Articulation Agreements

Massachusetts College of Art and Design has developed articulated transfer paths for students from three of the Commonwealth’s community colleges: Greenfield, Holyoke, and Massasoit. Students in specific programs at these community colleges who earn associate degrees with grade-point averages better than 3.0 have simplified transfer procedures. Because space is limited, only a very few transfer spaces are guaranteed each year. For specific information on the Articulation Agreements, see the transfer coordinator or department faculty in the community college or contact the MassArt Admissions Office.

Plagiarism

In creative work, plagiarism is the inappropriate and unethical representation of another’s work as one’s own. In those instances where a significant portion of a creative work is intentionally “appropriated,” plagiarism is the failure to note, orally or in writing, the source of the appropriation. In expository or academic writing, whenever your work incorporates someone else’s research, images, words, or ideas, you must properly identify the source unless you can reasonably expect knowledgeable people to recognize it. Proper citation gives credit where it is due and enables your readers to locate sources and pursue lines of inquiry raised by your paper. Students who do not comply may be penalized.

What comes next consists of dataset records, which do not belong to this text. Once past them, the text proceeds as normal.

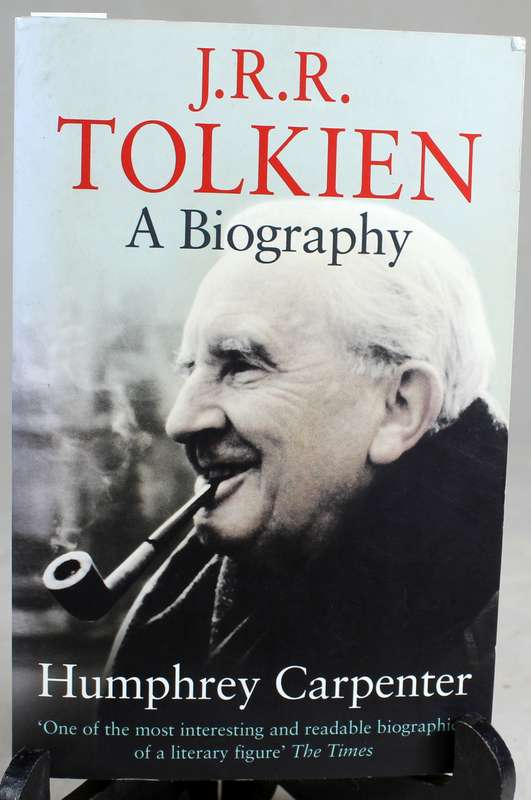 Humphrey Carpenter - J.R.R. Tolkien : A Biography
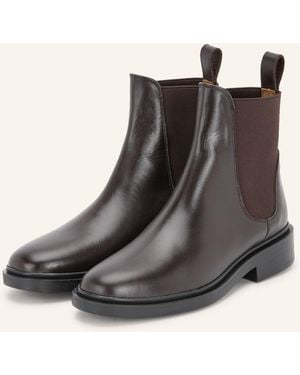 Flattered Chelsea-Boots FIONA - Schwarz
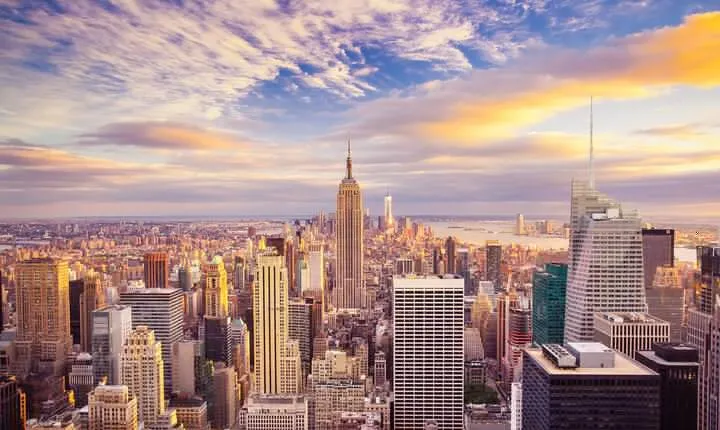 Statue of Liberty & Empire State Building 5-hour Tour by Car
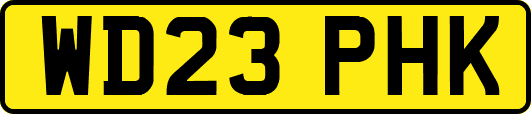 WD23PHK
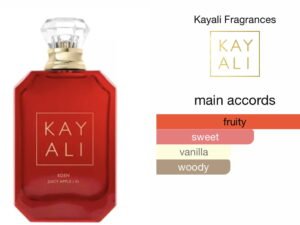 Scent Elixir  Oil   Impression Of Kayali - Eden Juicy Apple Deluxe
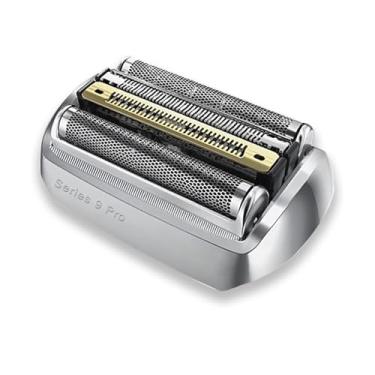 Imagem de Cabeça de substituição para barbeador 94M Series 9 compatível com barbeadores elétricos B Series 9 9291cc, 9370cc, 9293s, 9385cc, 9390cc, 9330s, 9296cc (1 peça)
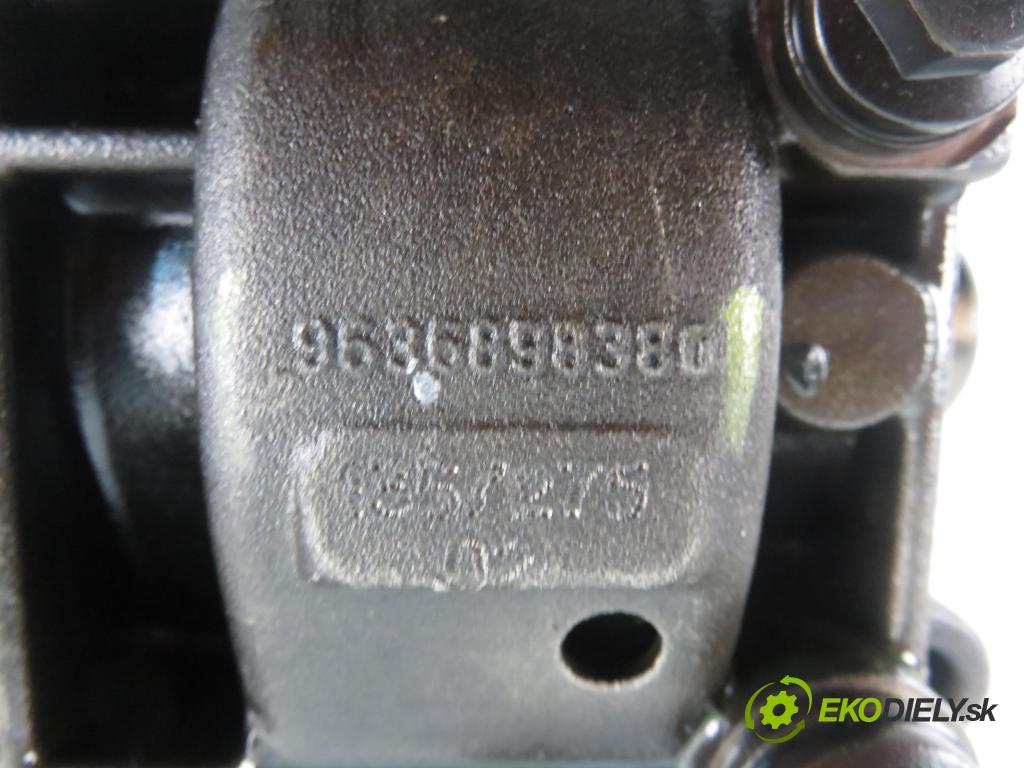 PEUGEOT 607 (9D, 9U) SEDAN 2003 98,00 2.2 HDI - 4HX (DW12TED4/FAP) 2179,00 pumpa oleje 9636898380 ; 9636898580 ; YD00084180 (Olejové pumpy)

Academic Misconduct Procedures

A faculty member who suspects cheating or plagiarism in work submitted in fulfillment of a class requirement should confer with the student submitting the work in an attempt to determine whether a violation has occurred. The faculty member has the discretion to accept the work as academically and/or artistically honest, or to resolve the issue as a classroom issue, or to refer the matter to the department chair.

In the event the student does not concur with the disposition proposed by the faculty member, the student may refer the matter to the Department Chair.

If the matter is referred to the Department Chair, the Chair and faculty member will meet with the student to pursue information that may be pertinent.

In the event that the Chair and faculty member determine that a violation has occurred, they will review the student’s educational record to determine if a prior sanction for academic misconduct has been imposed and may impose one or more of the following sanctions:

  • The student does the assignment over or retakes the test.
  • The student receives no credit for the plagiarized assignment.
  • The student fails (or receives no credit) for the class.
  • The student is referred to the senior vice president for academic affairs for further academic sanction.

The chair will inform the student, in writing, of the finding and the sanction imposed. If the sanction imposed is failure (or no credit) for the class, the chair’s letter to the student constitutes a letter of reprimand. A copy of any letter of reprimand is retained by the college as a component of the accused student’s educational record.

An academic sanction imposed or approved by the senior vice president for academic affairs is not subject to further review or appeal.

If just cause is determined by the senior vice president for academic affairs, in consultation with the department chair and the faculty member, the matter may also be referred by the senior vice president to the chief student affairs officer, to be dealt with as a disciplinary matter under the general provisions of these Community Standards.